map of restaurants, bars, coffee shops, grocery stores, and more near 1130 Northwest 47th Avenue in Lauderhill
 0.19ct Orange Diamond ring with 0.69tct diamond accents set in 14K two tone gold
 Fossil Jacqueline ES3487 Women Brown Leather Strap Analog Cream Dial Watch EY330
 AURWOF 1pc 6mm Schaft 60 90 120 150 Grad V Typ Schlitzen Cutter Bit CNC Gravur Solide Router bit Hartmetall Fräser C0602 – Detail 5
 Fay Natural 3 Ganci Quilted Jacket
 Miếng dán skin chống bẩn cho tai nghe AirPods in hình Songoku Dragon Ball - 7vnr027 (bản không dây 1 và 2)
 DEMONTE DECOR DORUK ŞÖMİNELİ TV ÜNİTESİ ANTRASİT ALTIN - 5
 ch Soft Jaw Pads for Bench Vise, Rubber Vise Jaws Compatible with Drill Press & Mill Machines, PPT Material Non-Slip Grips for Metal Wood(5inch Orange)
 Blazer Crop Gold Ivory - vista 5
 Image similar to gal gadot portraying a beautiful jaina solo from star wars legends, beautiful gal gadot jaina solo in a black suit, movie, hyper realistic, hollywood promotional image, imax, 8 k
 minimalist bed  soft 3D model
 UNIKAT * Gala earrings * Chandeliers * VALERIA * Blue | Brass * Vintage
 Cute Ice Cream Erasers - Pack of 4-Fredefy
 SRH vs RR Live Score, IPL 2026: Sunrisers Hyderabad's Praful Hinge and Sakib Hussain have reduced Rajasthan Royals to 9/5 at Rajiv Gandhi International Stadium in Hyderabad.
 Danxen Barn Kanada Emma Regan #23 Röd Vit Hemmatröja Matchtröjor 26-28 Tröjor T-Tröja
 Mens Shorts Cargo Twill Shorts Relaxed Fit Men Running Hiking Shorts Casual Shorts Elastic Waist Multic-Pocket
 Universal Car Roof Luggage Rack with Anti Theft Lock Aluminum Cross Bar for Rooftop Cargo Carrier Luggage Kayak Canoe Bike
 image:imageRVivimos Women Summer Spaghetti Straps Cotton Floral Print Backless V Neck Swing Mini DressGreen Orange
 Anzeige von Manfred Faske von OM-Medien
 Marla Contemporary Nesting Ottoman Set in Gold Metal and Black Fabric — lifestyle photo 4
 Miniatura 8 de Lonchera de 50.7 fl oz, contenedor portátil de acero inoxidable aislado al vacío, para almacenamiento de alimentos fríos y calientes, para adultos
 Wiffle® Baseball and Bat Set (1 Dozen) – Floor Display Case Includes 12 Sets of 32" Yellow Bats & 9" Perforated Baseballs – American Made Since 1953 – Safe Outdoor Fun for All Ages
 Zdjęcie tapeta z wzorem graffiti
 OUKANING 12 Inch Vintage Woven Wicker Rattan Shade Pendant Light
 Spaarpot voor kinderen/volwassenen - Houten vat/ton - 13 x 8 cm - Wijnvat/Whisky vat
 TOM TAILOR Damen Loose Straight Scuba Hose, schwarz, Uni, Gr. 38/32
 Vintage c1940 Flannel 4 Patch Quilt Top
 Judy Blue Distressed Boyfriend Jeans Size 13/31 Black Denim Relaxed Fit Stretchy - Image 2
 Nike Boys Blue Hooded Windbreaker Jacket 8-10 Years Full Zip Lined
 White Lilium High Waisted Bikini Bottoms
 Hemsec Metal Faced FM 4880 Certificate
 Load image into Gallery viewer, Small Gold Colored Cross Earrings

++++++++++++++++++++

** EXERCISE REQUIREMENTS **
Nothing is to be left out, and every entry is to be transcribed exactly.

** ANSWER SECTION **
map of restaurants, bars, coffee shops, grocery stores, and more near 1130 Northwest 47th Avenue in Lauderhill
 0.19ct Orange Diamond ring with 0.69tct diamond accents set in 14K two tone gold
 Fossil Jacqueline ES3487 Women Brown Leather Strap Analog Cream Dial Watch EY330
 AURWOF 1pc 6mm Schaft 60 90 120 150 Grad V Typ Schlitzen Cutter Bit CNC Gravur Solide Router bit Hartmetall Fräser C0602 – Detail 5
 Fay Natural 3 Ganci Quilted Jacket
 Miếng dán skin chống bẩn cho tai nghe AirPods in hình Songoku Dragon Ball - 7vnr027 (bản không dây 1 và 2)
 DEMONTE DECOR DORUK ŞÖMİNELİ TV ÜNİTESİ ANTRASİT ALTIN - 5
 ch Soft Jaw Pads for Bench Vise, Rubber Vise Jaws Compatible with Drill Press & Mill Machines, PPT Material Non-Slip Grips for Metal Wood(5inch Orange)
 Blazer Crop Gold Ivory - vista 5
 Image similar to gal gadot portraying a beautiful jaina solo from star wars legends, beautiful gal gadot jaina solo in a black suit, movie, hyper realistic, hollywood promotional image, imax, 8 k
 minimalist bed  soft 3D model
 UNIKAT * Gala earrings * Chandeliers * VALERIA * Blue | Brass * Vintage
 Cute Ice Cream Erasers - Pack of 4-Fredefy
 SRH vs RR Live Score, IPL 2026: Sunrisers Hyderabad's Praful Hinge and Sakib Hussain have reduced Rajasthan Royals to 9/5 at Rajiv Gandhi International Stadium in Hyderabad.
 Danxen Barn Kanada Emma Regan #23 Röd Vit Hemmatröja Matchtröjor 26-28 Tröjor T-Tröja
 Mens Shorts Cargo Twill Shorts Relaxed Fit Men Running Hiking Shorts Casual Shorts Elastic Waist Multic-Pocket
 Universal Car Roof Luggage Rack with Anti Theft Lock Aluminum Cross Bar for Rooftop Cargo Carrier Luggage Kayak Canoe Bike
 image:imageRVivimos Women Summer Spaghetti Straps Cotton Floral Print Backless V Neck Swing Mini DressGreen Orange
 Anzeige von Manfred Faske von OM-Medien
 Marla Contemporary Nesting Ottoman Set in Gold Metal and Black Fabric — lifestyle photo 4
 Miniatura 8 de Lonchera de 50.7 fl oz, contenedor portátil de acero inoxidable aislado al vacío, para almacenamiento de alimentos fríos y calientes, para adultos
 Wiffle® Baseball and Bat Set (1 Dozen) – Floor Display Case Includes 12 Sets of 32" Yellow Bats & 9" Perforated Baseballs – American Made Since 1953 – Safe Outdoor Fun for All Ages
 Zdjęcie tapeta z wzorem graffiti
 OUKANING 12 Inch Vintage Woven Wicker Rattan Shade Pendant Light
 Spaarpot voor kinderen/volwassenen - Houten vat/ton - 13 x 8 cm - Wijnvat/Whisky vat
 TOM TAILOR Damen Loose Straight Scuba Hose, schwarz, Uni, Gr. 38/32
 Vintage c1940 Flannel 4 Patch Quilt Top
 Judy Blue Distressed Boyfriend Jeans Size 13/31 Black Denim Relaxed Fit Stretchy - Image 2
 Nike Boys Blue Hooded Windbreaker Jacket 8-10 Years Full Zip Lined
 White Lilium High Waisted Bikini Bottoms
 Hemsec Metal Faced FM 4880 Certificate
 Load image into Gallery viewer, Small Gold Colored Cross Earrings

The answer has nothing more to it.